Well, we made it into the New Year without a zombie apocalypse or any other sort of end-of-the-world event taking place, at least in England. I haven't checked the BBC website yet so I'm not sure on how the rest of the world is holding up.

David and I had a lovely, quiet, New Years Eve (a quick poll at work shows that a quiet evening in was the trend of the year). I got off work early and we spent the afternoon relaxing before ordering pizzas and settling in to watch Lord of the Rings, extended version. Last week we discovered that ordering pan crust (instead of italian) from Pizza Hut yields a pizza close to what we are accustomed to in North America and thus we were able to really enjoy our delivered pizza, instead of lamenting the lack of good pizza on this side of the pond. It is a serious problem. One can get good pizza in Cambridge, but it requires going downtown and ordering from Gardi's or stopping at The Cow (where the pizza is of a very thin European nature, but quite delicious). We had also laid in a supply of beer, although we had to venture out to get a bit more (fortunately we made it to the Co-op before they closed).

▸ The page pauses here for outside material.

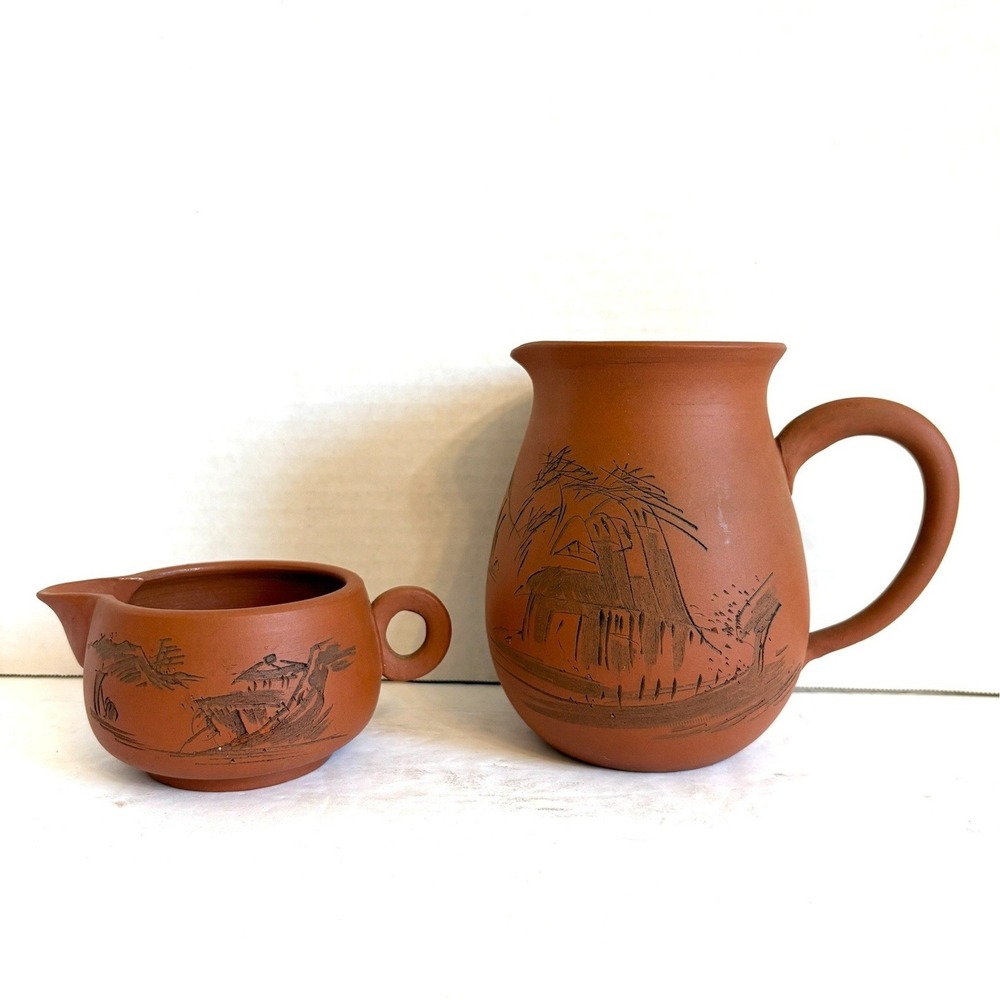 Vintage Japanese Tokoname Terracotta Pitcher Creamer Set Mt Fuji Etched Red Clay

Near midnight we tuned in to the BBC to watch the countdown in London. As the fireworks exploded over the London Eye and Big Ben chimed the twelve strokes of midnight we popped a bottle of champagne and cheered in the New Year. Then followed calls to family and friends, and an epic quest to empty the bottle of champagne. Contrary to popular, ie: my brother's, opinion, I was not tipsy from the beer. It was only when the four, or five?, glasses of champagne hit my system that I discovered my speech & balance faculties were lacking. Fortunately I did not have to go far to find my bed.

a very deserted downtown
On the first morning of the year it is our wont to go out for breakfast, although by the time we emerge it is usually brunch. When living on the Island this took the form of dim sum, but in Cambridge we have found ourselves heading to The Copper Kettle, an Anglo-Turkish cafe across from Kings College. It is not my favorite restaurant in Cambridge but I have had a feeling that it is a place I should not give up on. I admit that this time my thoughts were justified—I have been ordering the wrong things on the menu. This time I went with the cafe theme and ordered Quiche Lorraine, and I may safely say that it is the most delicious quiche I have eaten. Perfect quantities of cheese & bacon held together by egg that was neither too runny nor too hard. My main quarrel with this cafe is that they do not serve, or offer, sauces on the side (like catsup or mayo), and thus the food is a bit boring for my liking. But quiche & chips go quite well together, and the glasses of white wine and orange juice were the perfect accompaniement. I will rave about this breakfast, because it was one of the most perfect meals I have eaten. Everything was in harmony. David munched an English breakfast, americano, and white wine, and seemed quite pleased with it although not nearly as enraptured as I was with my quiche.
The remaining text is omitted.